* Problem: If a line below falls between the line with "Mexico, cruise ship" and the line with "5-Series BMW 2025.5-OUTER-2", or is one of those two, output it exactly; output nothing else and no pictures.
── Data for review ──
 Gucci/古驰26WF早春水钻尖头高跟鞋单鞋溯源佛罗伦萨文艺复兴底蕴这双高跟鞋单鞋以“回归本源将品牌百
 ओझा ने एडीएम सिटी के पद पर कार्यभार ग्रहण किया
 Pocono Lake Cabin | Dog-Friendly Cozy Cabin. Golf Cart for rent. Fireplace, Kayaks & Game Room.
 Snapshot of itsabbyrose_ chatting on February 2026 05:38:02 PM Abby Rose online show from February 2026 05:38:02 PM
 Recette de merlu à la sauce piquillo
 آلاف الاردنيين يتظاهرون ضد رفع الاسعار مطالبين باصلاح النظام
───
── Data for review ──
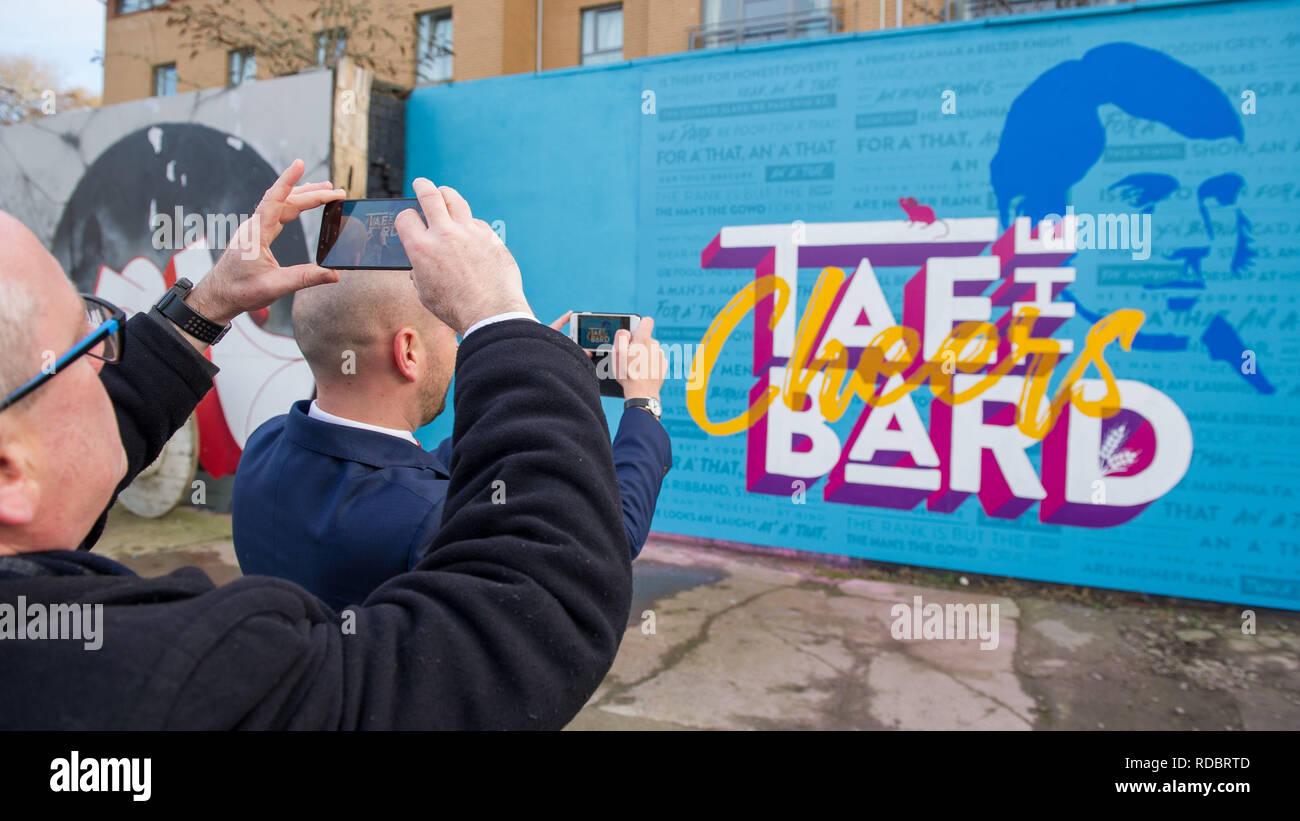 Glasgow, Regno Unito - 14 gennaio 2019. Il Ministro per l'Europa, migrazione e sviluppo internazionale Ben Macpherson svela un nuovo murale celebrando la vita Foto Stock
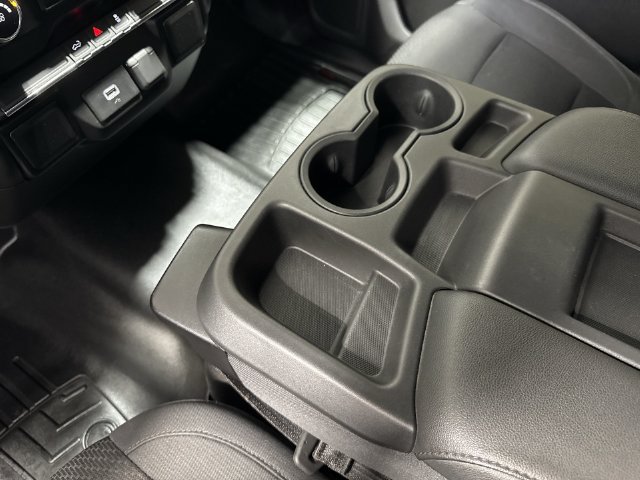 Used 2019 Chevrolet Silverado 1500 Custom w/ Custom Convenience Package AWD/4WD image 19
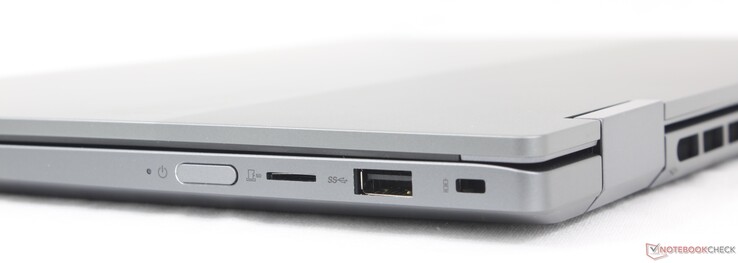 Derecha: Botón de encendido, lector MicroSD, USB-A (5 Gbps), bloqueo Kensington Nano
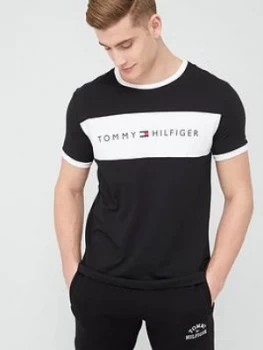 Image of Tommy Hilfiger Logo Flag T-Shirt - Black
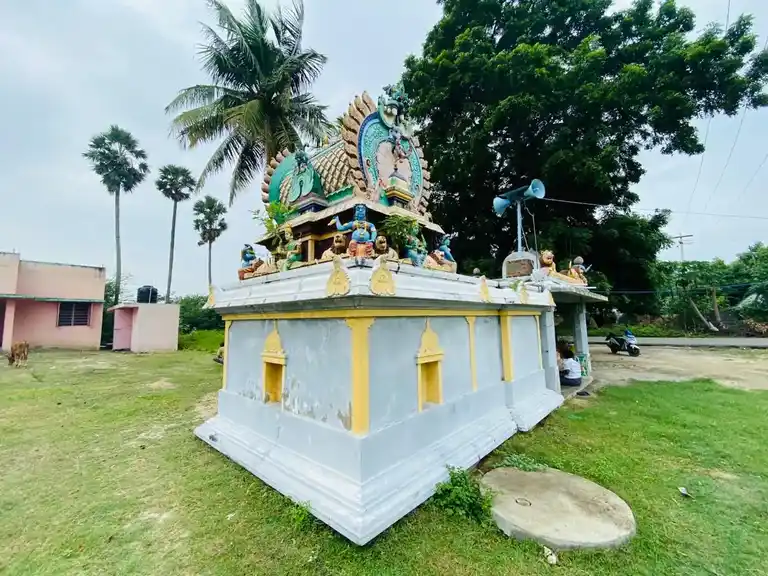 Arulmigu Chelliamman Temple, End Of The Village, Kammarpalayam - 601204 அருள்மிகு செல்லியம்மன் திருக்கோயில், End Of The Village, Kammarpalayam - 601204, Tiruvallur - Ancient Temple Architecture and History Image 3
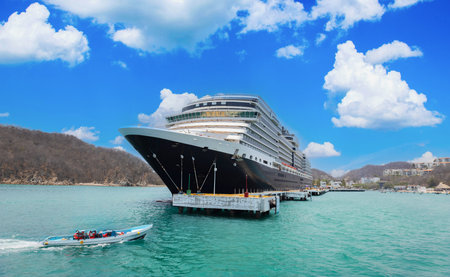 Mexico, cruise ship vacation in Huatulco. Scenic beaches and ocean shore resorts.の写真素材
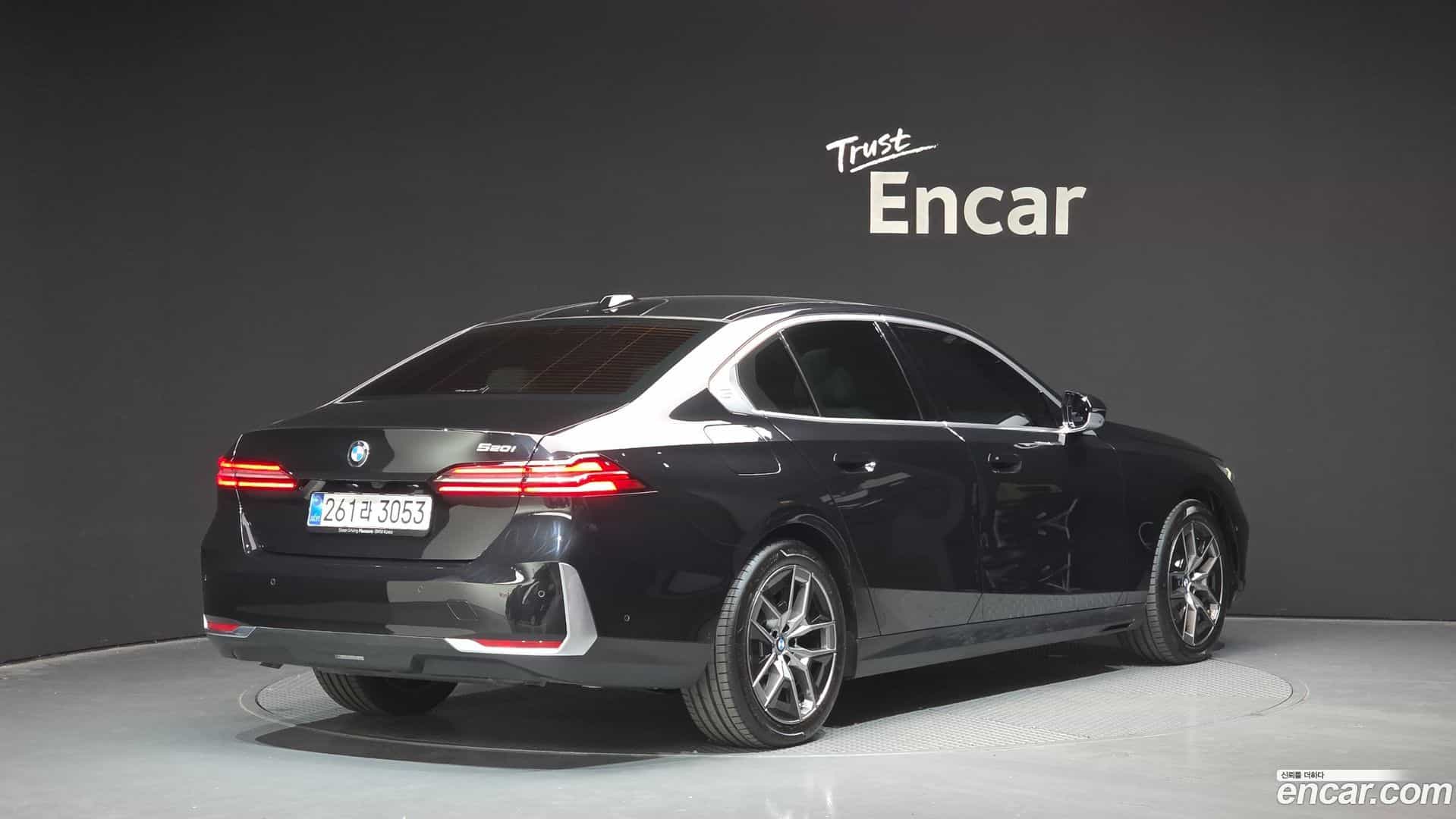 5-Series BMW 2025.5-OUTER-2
───
* Finished task:
 Mexico, cruise ship vacation in Huatulco. Scenic beaches and ocean shore resorts.の写真素材
 5-Series BMW 2025.5-OUTER-2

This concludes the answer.